Anecdotally, I have seen it in a few recent cases: The deposition witness isn’t asked an open-ended question and isn’t given a “Yes or No” either. Instead, they are given a range of options, like you would see in an attitude survey or a school examination. For example, an employer was asked if they “Strongly agree,” “Somewhat agree,” “Somewhat disagree,” or “Strongly disagree” with a principal they were offered on how to handle an employment issue; or a transportation executive was asked to give themselves a grade, “A, B, C, D, or F” on how the company handled an accident. In both cases, the witness was not prepared for it, and the multiple-choice question turned out to be a winner for the party asking the question, yielding a clear and recorded endorsement of the adversary’s theme in the first case, and an awkward situation of the company giving themselves an “A” for a tragedy in the second.
Of course, these questions are designed to create a “damned if you do, damned if you don’t” situation for the witness – giving yourself an “A” conveys arrogance, but giving yourself anything else admits deficiency. Responding that you “disagree” or only “somewhat” agree with a common-sense-sounding principle could also be used by the other side. Answering a question like that well requires some preparation and thought. I am not sure whether the fixed-choice question is a new idea in depositions or whether it’s an older idea that simply isn’t seen that often. But it does seem to be happening, so it might be time to include a discussion of questions like this in the typical preparation sessions for witnesses before their deposition.
How you answer will depend on the situation, the witness, and of course, the specific question. But, in general, I see three strategies for responding to a multiple choice question in deposition.
Resist the Reductionism
A multiple-choice question works only because it simplifies. It takes what would otherwise be a spectrum of response to an open-ended question and boxes it into a few neat categories. So one way to answer a question like that in the deposition is to respectfully refuse to play that game:
Q: Would you characterize your company’s response as very effective, somewhat effective, somewhat ineffective, or very ineffective?
A: The situation is really more complex than that, and I am reluctant to reduce my answer to any one of those categories. In looking at the company’s response to the accident, there are some aspects of it that were positive and some aspects that could have been better. I am happy to talk about any of those aspects, but it would be misleading to replace that discussion with just a single category.
Take the Incomplete
A second way that the question might be unfair is that it might assume the completion of something that is currently in process. For example, if you are still looking at the situation, then a final verdict on it might be premature.

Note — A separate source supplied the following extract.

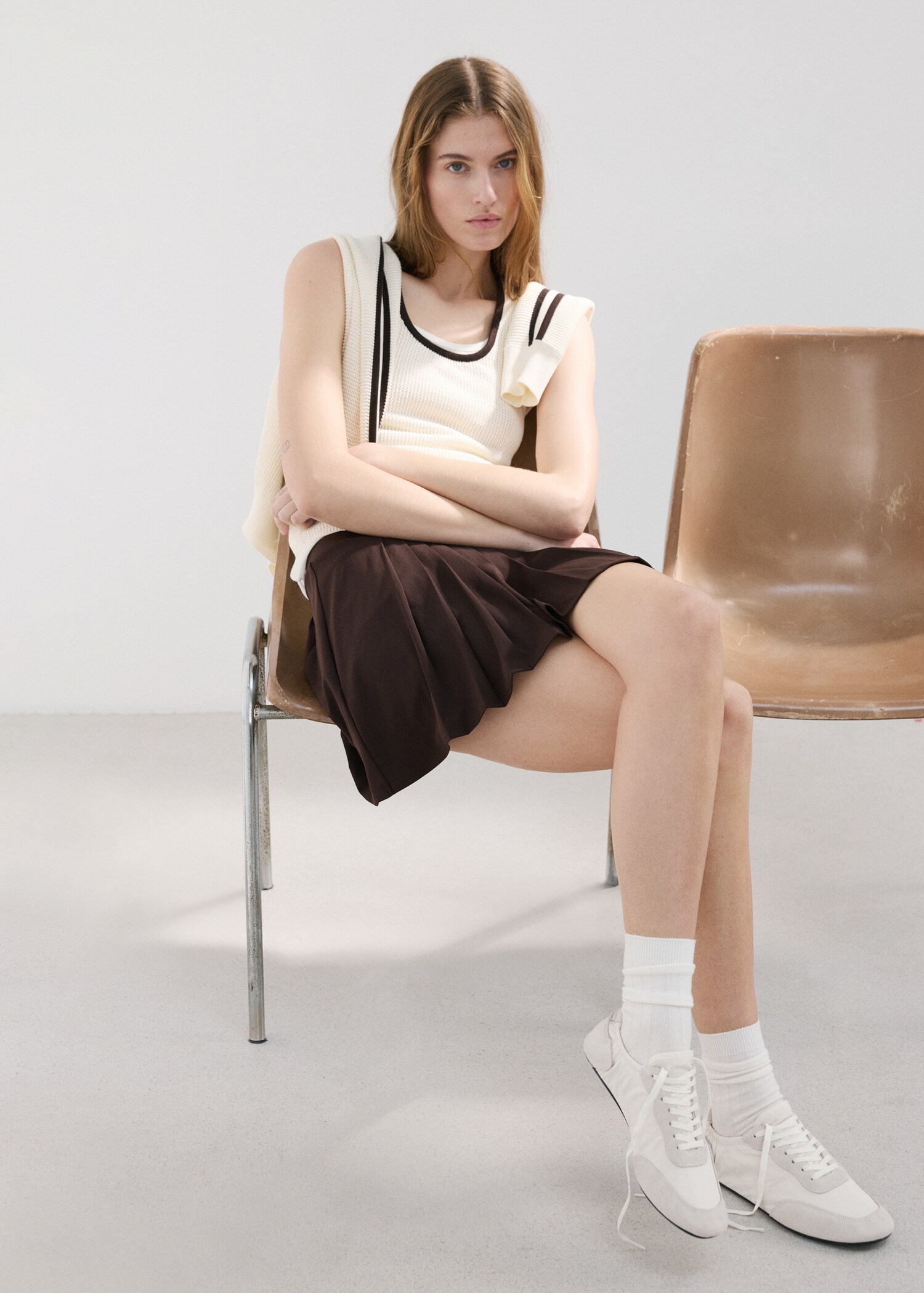 Pleated skirt with printed logo - Details of the article 6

Q: How would you grade your company’s response, A through F?
A: Well, we are still looking at that. From the day this accident occurred, we have been conducting a thorough analysis of the causes and the responses, and that is ongoing as we speak. You might even say that this litigation is part of that assessment, since we are keenly interested in what a jury at some point might say. So I am happy to discuss any aspect of this investigation, but it is too early to award a final grade.

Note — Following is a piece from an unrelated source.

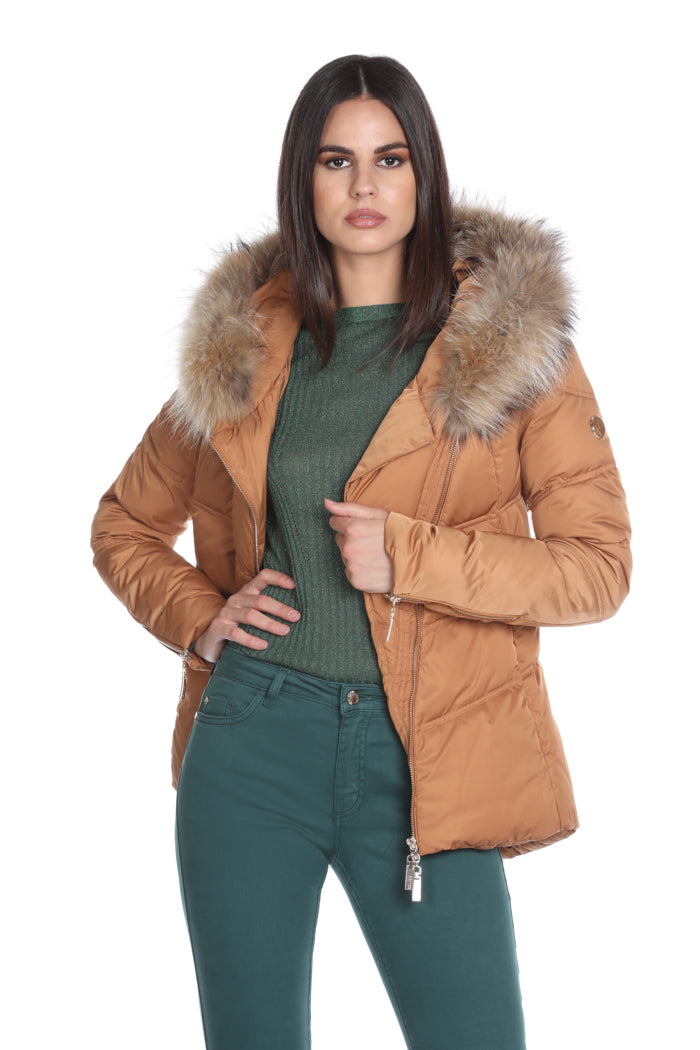 Piumino PILYS manica lunga con tasche più zip trasversale più cappuccio pelliccia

The last broad option for answering a multiple choice in deposition is to consider the possibility that you may not want to resist the question, but instead want to just pick an option and own it. While it is likely that your adversary is only asking the question because they feel it puts the witness in a dilemma, they might be wrong.
Q: “A company should put safety over profits.” Do you “Strongly agree,” “Somewhat agree,” “Somewhat disagree,” or “Strongly disagree”?
A: That is an easy one: I strongly agree. And that isn’t just an idea I am agreeing to here today, it is a bedrock principle to this company, because nothing gets done without safety. Putting safety before profits unfortunately doesn’t mean that all accidents can be avoided, but it does mean that no accidents will happen due to a profit motive, and this one didn’t.
Of course, it is only the savvy and well-prepared witness who will be able to give answers like that on the fly. More often when confronted with the unexpected question, witnesses will either evade or meekly agree. The better course is to prepare in advance and anticipate what you can. In the moment, take your time and give a thoughtful answer.